မော်ဂျူး:ja-parse
ပုံပန်းသွင်ပြင်
Documentation for this module may be created at မော်ဂျူး:ja-parse/doc
local export = {}
local len = mw.ustring.len
local sub = mw.ustring.sub
local gsub = mw.ustring.gsub
local find = mw.ustring.find
local match = mw.ustring.match
local gmatch = mw.ustring.gmatch
local m_ja = require('Module:ja')
local kanji_pattern = "㐀-䶵一-鿌\239\164\128-\239\171\153𠀀-"
local kana_pattern = 'ぁ-ゖァ-ヺー'
local japanese_pattern = kana_pattern .. kanji_pattern .. 'a-zA-Z0-9〆々'
local headword_templates = {
['ja-adj'] = true, ['ja-pos'] = true, ['ja-noun'] = true, ['ja-phrase'] = true,
['ja-verb'] = true, ['ja-verb form'] = true, ['ja-verb-suru'] = true,
}
local function find_headword_template(wikitext)
local index =
wikitext:find('{{ja%-adj[|}]') or
wikitext:find('{{ja%-pos[|}]') or
wikitext:find('{{ja%-noun[|}]') or
wikitext:find('{{ja%-phrase[|}]') or
wikitext:find('{{ja%-verb[|}]') or
wikitext:find('{{ja%-verb form[|}]') or
wikitext:find('{{ja%-verb%-suru[|}]')
if index then
-- This assumes that the template has matching braces.
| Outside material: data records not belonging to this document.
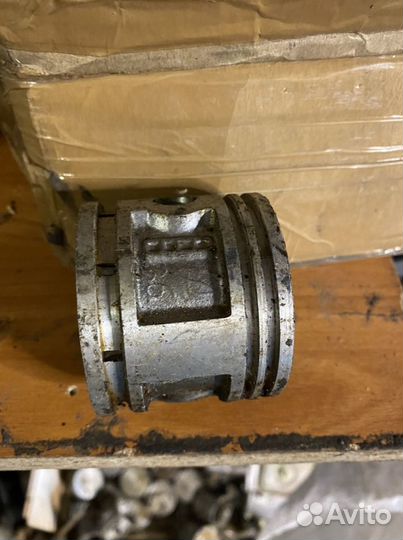 Поршень двухцилиндрового компрессора 3509160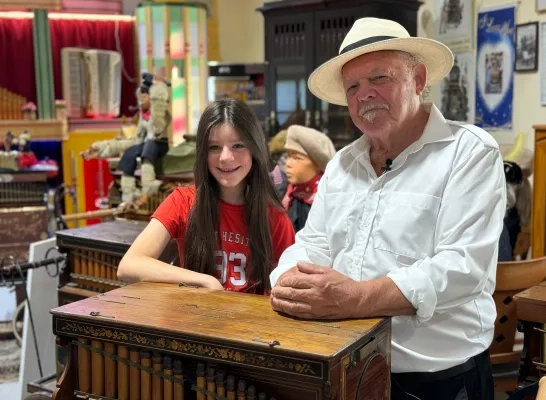 Orgeldraaiers Heidi en Séraphin Weiss uit Sint-Pieters-Leeuw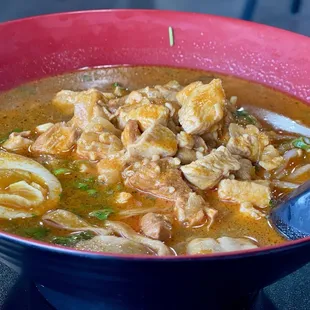 Coconut chicken curry noodles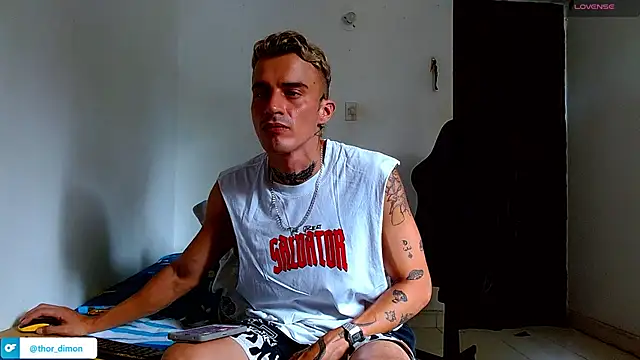 bray_hotboy777 webcam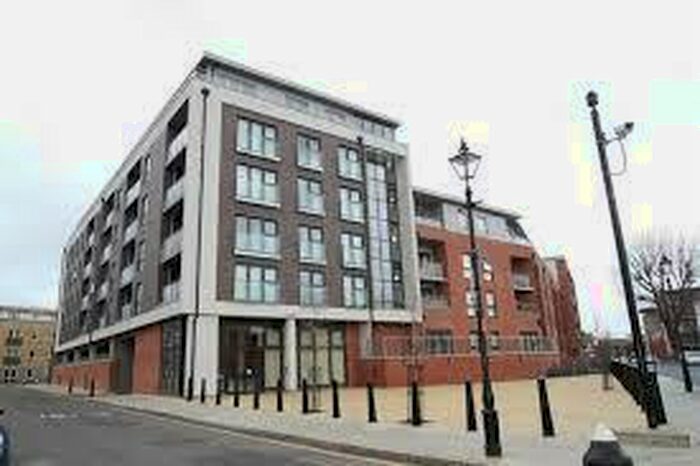 1 Bedroom Apartment To Rent In Windsor Court, Mostyn Grove, Bow, E3
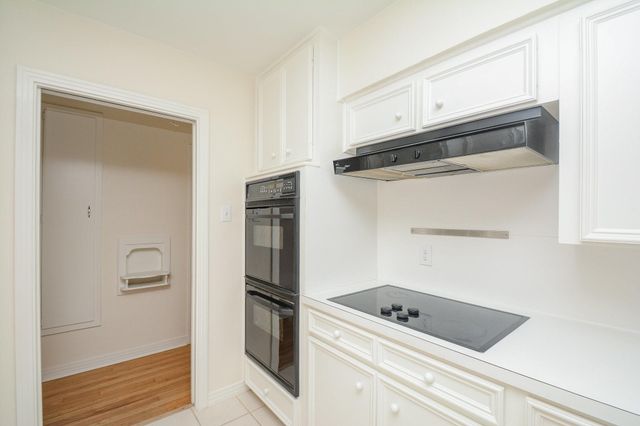 2203 Bron Holly Drive, Houston, TX 77018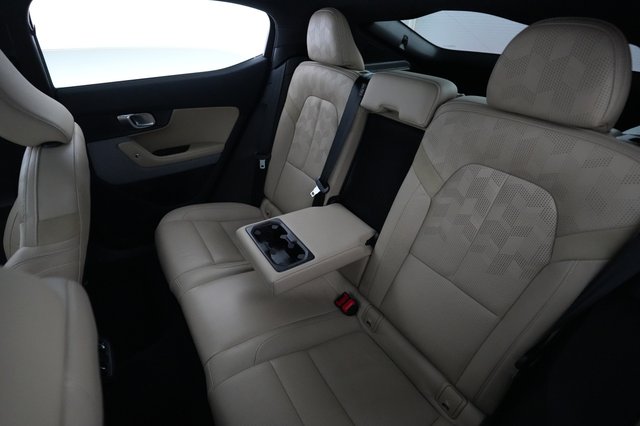 2022 Polestar 2 — photo 18 of 22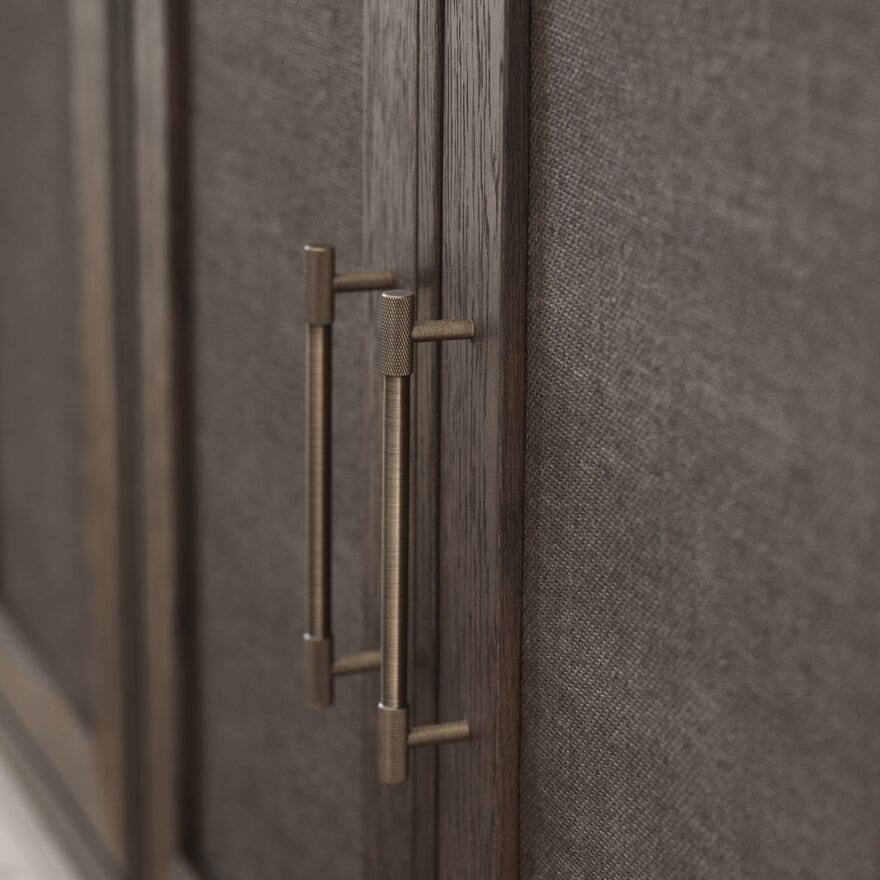 Signature Collection By Halvor Bakke SIGNATURE 1850 Skjenk 180x43.5 cm i Brun designet av Halvor Bakke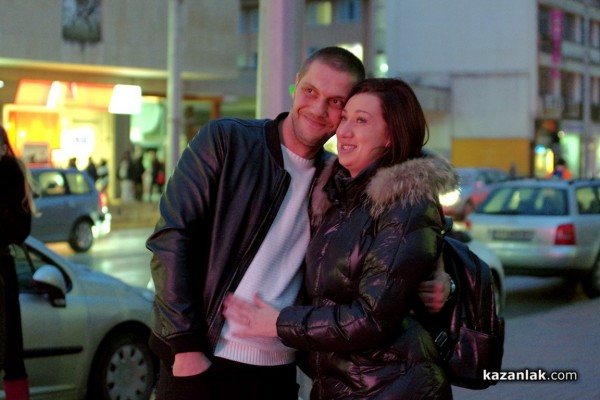 С атрактивно предложение, казанлъчанин поиска ръката на своята любима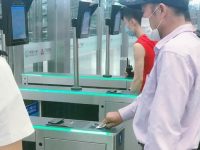 全國普速鐵路實施電子客票第一天，上海最大的普速列車車站還好嗎？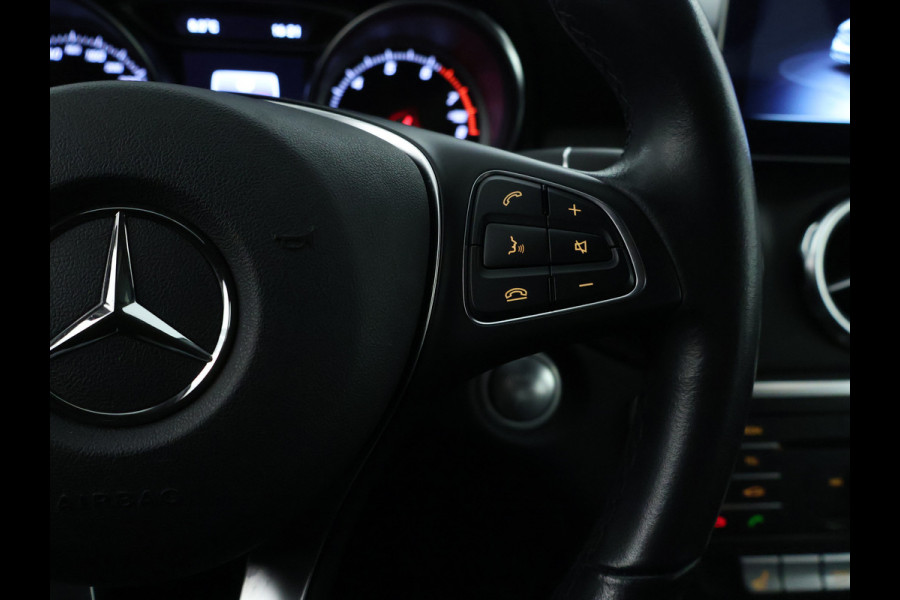 Mercedes-Benz GLA 180 Business Solution Limited | Dual Climate Control | Camera | Parkeersensoren | Navigatie | Stoelverwarming | Inclusief 24 maanden MB Certified garantie voor Europa.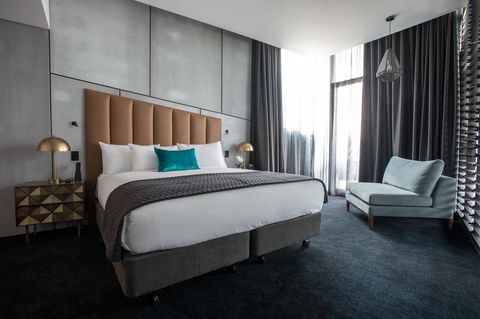 Eatons Hill Hotel - Sydneys Hotel 30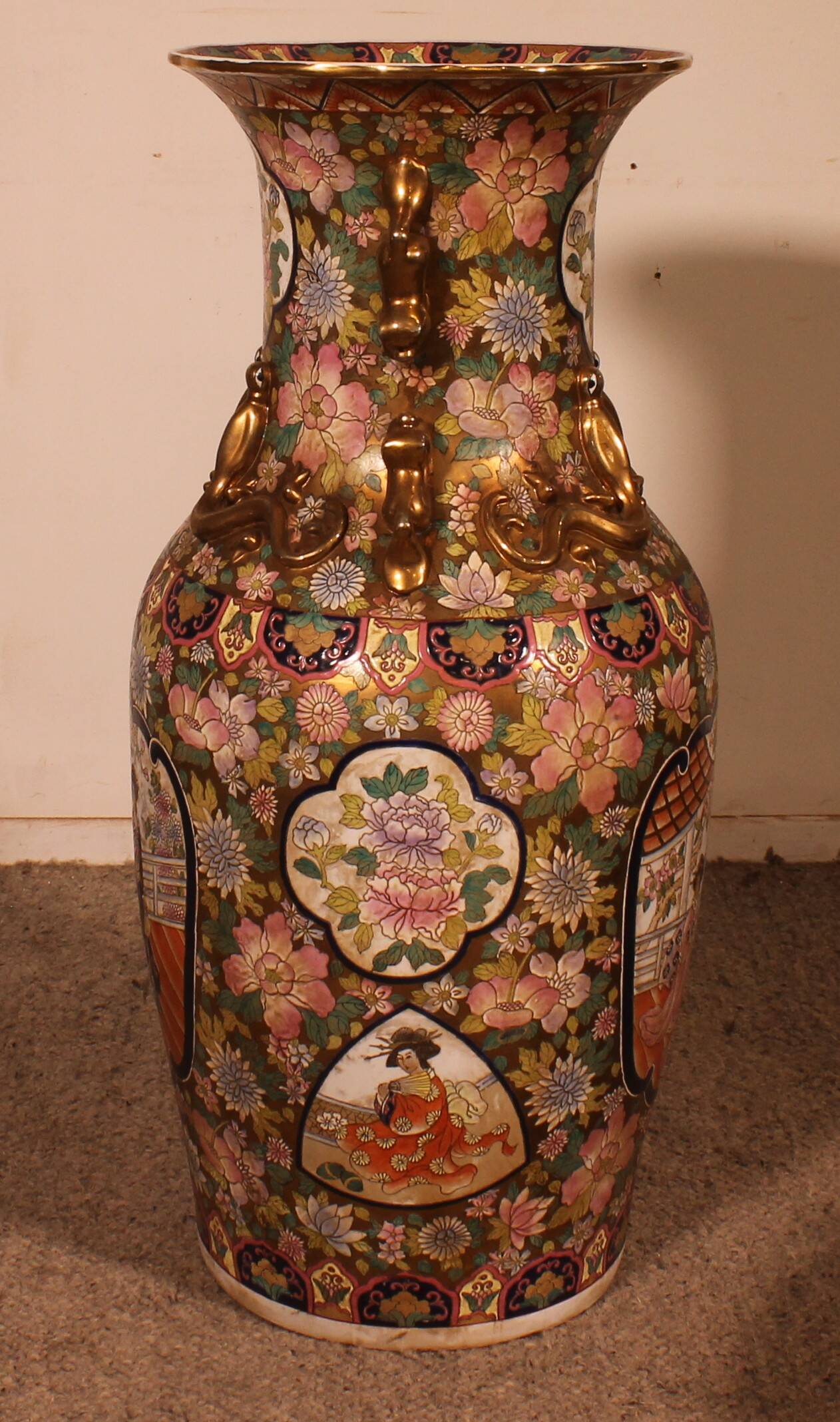 Chinese Enamelled Porcelain Vase with Polychrome Decoration - on Pedestals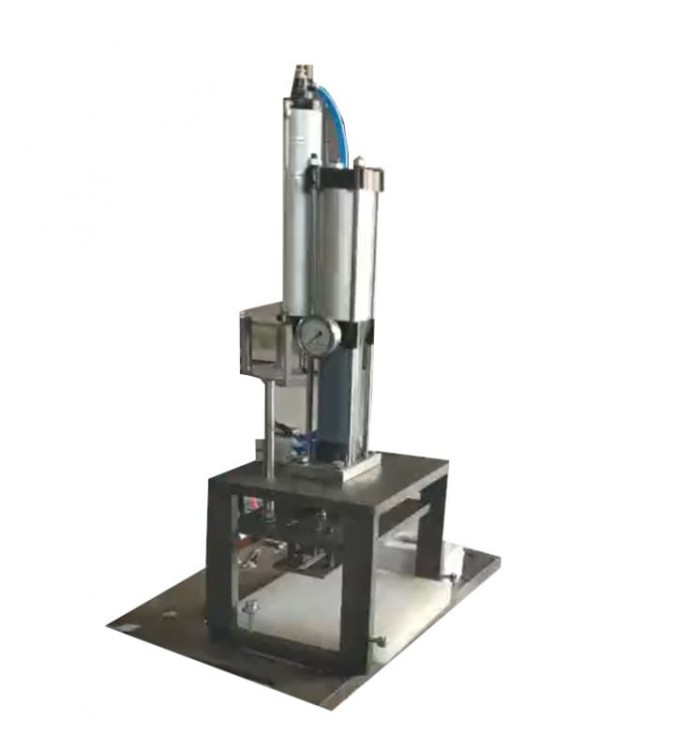 PÓŁAUTOMATYCZNA ZGRZEWARKA I WYKRAJARKA DZIUREK DO ZAWIESZANIA W RĘKAWICZKACH FOLIOWYCH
return wikitext:match('%b{}', index)
end
end
local function parse_template(wikitext) -- only supports the simplest format
local template = wikitext
template = template:gsub('%[%[([^%[%]|]-)|([^%[%]|]-)%]%]', '[[%1`%2]]')
local name
local args = {}
for glob in mw.text.gsplit(template:gsub('^{{', ''):gsub('}}$', ''), '|') do
if not name then
name = glob
else
glob = glob:gsub('`', '|')
local key, value = match(glob, "(.-)=(.*)")
if key and value then
args[key] = value
else
table.insert(args, glob)
end
end
end
return name, args
end
local function contains(list, item)
for i = 1, #list do
if list[i] == item then return true end
end
return false
end
-- A function to parse Japanese entries, returning a list of etym sections, each having the form { wikitext, type = ( 'lemma' | 'redirect' | '' ), spellings = <a list of the term's modern spellings>, historical_spellings = <a list of the term's historical kana spellings> }. In case of multiple etymologies, each ===Etymology n=== part constitutes an etym section. Otherwise, the whole Japanese section minus any ===Kanji [n]=== subsections constitutes a single etym section.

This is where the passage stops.